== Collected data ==
---*---

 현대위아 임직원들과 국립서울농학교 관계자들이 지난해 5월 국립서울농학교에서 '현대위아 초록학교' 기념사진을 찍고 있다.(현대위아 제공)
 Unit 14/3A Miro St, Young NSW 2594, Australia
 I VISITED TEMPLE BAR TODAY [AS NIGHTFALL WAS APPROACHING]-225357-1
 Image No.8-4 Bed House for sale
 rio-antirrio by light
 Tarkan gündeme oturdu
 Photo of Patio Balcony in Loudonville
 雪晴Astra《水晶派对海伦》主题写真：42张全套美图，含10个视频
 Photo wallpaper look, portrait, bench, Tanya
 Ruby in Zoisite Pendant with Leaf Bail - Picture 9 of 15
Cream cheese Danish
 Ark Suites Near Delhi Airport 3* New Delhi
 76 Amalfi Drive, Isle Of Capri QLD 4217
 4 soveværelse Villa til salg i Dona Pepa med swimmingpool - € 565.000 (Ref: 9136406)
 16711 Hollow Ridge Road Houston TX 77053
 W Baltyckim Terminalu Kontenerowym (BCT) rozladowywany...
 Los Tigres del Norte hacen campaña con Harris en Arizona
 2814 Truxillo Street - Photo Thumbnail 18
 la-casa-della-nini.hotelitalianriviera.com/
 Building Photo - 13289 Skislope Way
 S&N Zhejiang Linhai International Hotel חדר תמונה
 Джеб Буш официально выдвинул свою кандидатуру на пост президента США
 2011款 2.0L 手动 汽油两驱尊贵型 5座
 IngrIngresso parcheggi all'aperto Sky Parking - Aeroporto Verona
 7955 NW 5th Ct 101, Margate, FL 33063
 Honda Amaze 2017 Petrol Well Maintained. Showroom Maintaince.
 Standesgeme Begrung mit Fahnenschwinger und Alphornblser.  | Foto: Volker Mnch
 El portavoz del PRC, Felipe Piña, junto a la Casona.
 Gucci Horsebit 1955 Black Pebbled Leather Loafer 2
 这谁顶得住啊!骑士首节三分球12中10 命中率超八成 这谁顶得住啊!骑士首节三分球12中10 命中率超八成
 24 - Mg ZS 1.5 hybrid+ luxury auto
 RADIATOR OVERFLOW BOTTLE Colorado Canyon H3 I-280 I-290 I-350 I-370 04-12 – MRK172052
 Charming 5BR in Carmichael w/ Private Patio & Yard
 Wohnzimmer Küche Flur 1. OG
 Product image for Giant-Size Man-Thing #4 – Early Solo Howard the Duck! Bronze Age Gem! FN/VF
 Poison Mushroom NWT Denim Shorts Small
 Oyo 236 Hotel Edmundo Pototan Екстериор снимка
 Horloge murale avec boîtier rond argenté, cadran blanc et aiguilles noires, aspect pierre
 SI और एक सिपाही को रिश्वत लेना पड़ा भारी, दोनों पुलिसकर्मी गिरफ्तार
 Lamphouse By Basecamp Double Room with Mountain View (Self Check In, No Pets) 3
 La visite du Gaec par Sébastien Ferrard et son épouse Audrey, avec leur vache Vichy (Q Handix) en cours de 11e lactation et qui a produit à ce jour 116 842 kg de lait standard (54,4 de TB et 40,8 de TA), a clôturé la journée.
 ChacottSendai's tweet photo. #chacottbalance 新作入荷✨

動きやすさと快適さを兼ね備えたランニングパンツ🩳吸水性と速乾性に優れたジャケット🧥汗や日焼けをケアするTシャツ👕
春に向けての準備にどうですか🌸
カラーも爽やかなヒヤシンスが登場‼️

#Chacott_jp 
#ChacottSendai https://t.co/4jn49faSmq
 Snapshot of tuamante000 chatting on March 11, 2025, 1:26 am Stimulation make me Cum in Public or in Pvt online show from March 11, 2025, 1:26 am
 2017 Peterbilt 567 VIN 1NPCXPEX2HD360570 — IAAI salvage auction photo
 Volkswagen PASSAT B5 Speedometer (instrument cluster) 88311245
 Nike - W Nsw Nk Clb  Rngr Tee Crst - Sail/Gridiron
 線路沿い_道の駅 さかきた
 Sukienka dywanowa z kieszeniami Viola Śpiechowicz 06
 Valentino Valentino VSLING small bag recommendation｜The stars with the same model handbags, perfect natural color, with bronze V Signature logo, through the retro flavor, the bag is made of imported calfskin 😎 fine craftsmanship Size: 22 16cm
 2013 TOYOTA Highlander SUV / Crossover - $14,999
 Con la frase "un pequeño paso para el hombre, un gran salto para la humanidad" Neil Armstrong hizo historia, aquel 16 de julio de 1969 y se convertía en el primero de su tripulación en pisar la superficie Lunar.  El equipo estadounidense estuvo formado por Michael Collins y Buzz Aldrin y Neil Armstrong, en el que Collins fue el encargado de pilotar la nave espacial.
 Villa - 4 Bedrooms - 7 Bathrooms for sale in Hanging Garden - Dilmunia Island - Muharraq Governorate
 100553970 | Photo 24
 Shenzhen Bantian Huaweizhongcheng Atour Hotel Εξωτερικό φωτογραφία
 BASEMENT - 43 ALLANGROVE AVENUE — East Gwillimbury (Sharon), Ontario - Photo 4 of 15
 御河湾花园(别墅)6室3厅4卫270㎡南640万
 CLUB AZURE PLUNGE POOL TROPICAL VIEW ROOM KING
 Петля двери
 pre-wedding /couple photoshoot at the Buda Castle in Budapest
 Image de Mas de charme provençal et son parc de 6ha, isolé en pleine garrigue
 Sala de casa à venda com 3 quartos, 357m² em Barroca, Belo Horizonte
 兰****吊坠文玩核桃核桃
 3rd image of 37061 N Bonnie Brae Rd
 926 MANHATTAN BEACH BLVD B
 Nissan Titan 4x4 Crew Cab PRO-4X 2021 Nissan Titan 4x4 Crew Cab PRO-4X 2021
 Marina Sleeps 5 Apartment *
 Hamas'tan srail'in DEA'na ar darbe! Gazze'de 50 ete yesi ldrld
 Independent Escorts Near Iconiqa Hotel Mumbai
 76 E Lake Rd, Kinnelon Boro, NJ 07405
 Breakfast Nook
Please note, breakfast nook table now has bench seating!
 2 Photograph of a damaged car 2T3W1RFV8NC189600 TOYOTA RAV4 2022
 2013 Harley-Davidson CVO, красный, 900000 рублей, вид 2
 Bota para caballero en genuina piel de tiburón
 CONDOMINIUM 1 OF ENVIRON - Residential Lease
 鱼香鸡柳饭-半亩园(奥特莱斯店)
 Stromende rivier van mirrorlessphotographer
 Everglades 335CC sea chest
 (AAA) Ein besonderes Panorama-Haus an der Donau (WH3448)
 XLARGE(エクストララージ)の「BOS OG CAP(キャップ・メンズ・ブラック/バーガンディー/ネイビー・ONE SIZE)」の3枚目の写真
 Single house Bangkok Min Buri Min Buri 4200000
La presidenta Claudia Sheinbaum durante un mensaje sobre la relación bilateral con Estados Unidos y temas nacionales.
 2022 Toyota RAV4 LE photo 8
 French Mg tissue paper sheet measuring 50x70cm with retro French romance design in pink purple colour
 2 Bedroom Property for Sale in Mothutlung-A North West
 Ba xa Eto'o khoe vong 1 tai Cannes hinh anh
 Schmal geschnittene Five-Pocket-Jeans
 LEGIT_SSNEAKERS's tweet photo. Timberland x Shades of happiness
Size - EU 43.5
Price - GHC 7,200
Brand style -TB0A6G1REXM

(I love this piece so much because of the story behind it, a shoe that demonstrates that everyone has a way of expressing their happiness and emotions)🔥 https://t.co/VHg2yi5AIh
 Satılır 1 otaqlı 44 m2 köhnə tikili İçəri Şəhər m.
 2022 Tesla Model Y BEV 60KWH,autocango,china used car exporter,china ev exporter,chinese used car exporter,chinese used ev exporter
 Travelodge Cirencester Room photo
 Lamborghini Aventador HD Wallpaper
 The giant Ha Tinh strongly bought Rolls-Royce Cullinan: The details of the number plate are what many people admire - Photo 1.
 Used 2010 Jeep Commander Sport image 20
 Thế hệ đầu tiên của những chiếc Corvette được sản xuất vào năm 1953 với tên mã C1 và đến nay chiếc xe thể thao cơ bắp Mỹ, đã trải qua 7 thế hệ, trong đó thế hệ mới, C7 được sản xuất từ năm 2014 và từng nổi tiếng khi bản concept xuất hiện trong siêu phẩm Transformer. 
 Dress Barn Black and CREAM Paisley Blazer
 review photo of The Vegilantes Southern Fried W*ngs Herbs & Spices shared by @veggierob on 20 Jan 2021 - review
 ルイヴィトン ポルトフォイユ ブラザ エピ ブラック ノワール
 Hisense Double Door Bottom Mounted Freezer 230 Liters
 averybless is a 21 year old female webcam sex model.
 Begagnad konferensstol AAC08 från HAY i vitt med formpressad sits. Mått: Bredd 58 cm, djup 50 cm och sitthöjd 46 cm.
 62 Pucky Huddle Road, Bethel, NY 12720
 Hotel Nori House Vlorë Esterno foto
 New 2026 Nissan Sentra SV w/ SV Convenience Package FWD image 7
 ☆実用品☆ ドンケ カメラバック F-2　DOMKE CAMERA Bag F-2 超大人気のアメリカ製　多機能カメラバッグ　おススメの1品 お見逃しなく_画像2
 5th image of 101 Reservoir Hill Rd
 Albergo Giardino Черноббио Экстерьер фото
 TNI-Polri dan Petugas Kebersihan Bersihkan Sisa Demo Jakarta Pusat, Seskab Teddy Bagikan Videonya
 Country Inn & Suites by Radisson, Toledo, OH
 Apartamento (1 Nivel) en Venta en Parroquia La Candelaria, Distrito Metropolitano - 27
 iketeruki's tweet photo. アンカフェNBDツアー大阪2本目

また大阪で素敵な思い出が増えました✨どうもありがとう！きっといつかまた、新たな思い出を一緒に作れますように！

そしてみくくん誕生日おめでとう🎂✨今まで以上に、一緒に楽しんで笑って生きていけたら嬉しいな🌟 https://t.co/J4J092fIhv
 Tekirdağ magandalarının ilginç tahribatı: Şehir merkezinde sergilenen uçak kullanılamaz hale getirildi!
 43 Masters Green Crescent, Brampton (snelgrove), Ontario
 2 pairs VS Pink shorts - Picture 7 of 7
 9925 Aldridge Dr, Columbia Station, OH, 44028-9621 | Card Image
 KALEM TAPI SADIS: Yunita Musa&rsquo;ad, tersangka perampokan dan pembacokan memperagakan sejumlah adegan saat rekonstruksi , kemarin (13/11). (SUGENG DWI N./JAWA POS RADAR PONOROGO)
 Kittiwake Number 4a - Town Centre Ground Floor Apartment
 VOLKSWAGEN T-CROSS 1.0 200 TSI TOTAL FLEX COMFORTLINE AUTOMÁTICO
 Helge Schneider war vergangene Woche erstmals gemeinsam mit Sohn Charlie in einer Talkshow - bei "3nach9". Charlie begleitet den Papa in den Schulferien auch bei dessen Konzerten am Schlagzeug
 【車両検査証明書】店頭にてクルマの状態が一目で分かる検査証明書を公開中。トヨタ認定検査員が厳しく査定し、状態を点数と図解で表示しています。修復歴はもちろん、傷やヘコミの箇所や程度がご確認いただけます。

---*---

== Your objective ==
Among the records above, only the lines between the line holding "Everglades 335CC sea chest" and the line holding "averybless is a", inclusive, are to be output, exactly as written.

== Your response ==
 Everglades 335CC sea chest
 (AAA) Ein besonderes Panorama-Haus an der Donau (WH3448)
 XLARGE(エクストララージ)の「BOS OG CAP(キャップ・メンズ・ブラック/バーガンディー/ネイビー・ONE SIZE)」の3枚目の写真
 Single house Bangkok Min Buri Min Buri 4200000
La presidenta Claudia Sheinbaum durante un mensaje sobre la relación bilateral con Estados Unidos y temas nacionales.
 2022 Toyota RAV4 LE photo 8
 French Mg tissue paper sheet measuring 50x70cm with retro French romance design in pink purple colour
 2 Bedroom Property for Sale in Mothutlung-A North West
 Ba xa Eto'o khoe vong 1 tai Cannes hinh anh
 Schmal geschnittene Five-Pocket-Jeans
 LEGIT_SSNEAKERS's tweet photo. Timberland x Shades of happiness
Size - EU 43.5
Price - GHC 7,200
Brand style -TB0A6G1REXM

(I love this piece so much because of the story behind it, a shoe that demonstrates that everyone has a way of expressing their happiness and emotions)🔥 https://t.co/VHg2yi5AIh
 Satılır 1 otaqlı 44 m2 köhnə tikili İçəri Şəhər m.
 2022 Tesla Model Y BEV 60KWH,autocango,china used car exporter,china ev exporter,chinese used car exporter,chinese used ev exporter
 Travelodge Cirencester Room photo
 Lamborghini Aventador HD Wallpaper
 The giant Ha Tinh strongly bought Rolls-Royce Cullinan: The details of the number plate are what many people admire - Photo 1.
 Used 2010 Jeep Commander Sport image 20
 Thế hệ đầu tiên của những chiếc Corvette được sản xuất vào năm 1953 với tên mã C1 và đến nay chiếc xe thể thao cơ bắp Mỹ, đã trải qua 7 thế hệ, trong đó thế hệ mới, C7 được sản xuất từ năm 2014 và từng nổi tiếng khi bản concept xuất hiện trong siêu phẩm Transformer. 
 Dress Barn Black and CREAM Paisley Blazer
 review photo of The Vegilantes Southern Fried W*ngs Herbs & Spices shared by @veggierob on 20 Jan 2021 - review
 ルイヴィトン ポルトフォイユ ブラザ エピ ブラック ノワール
 Hisense Double Door Bottom Mounted Freezer 230 Liters
 averybless is a 21 year old female webcam sex model.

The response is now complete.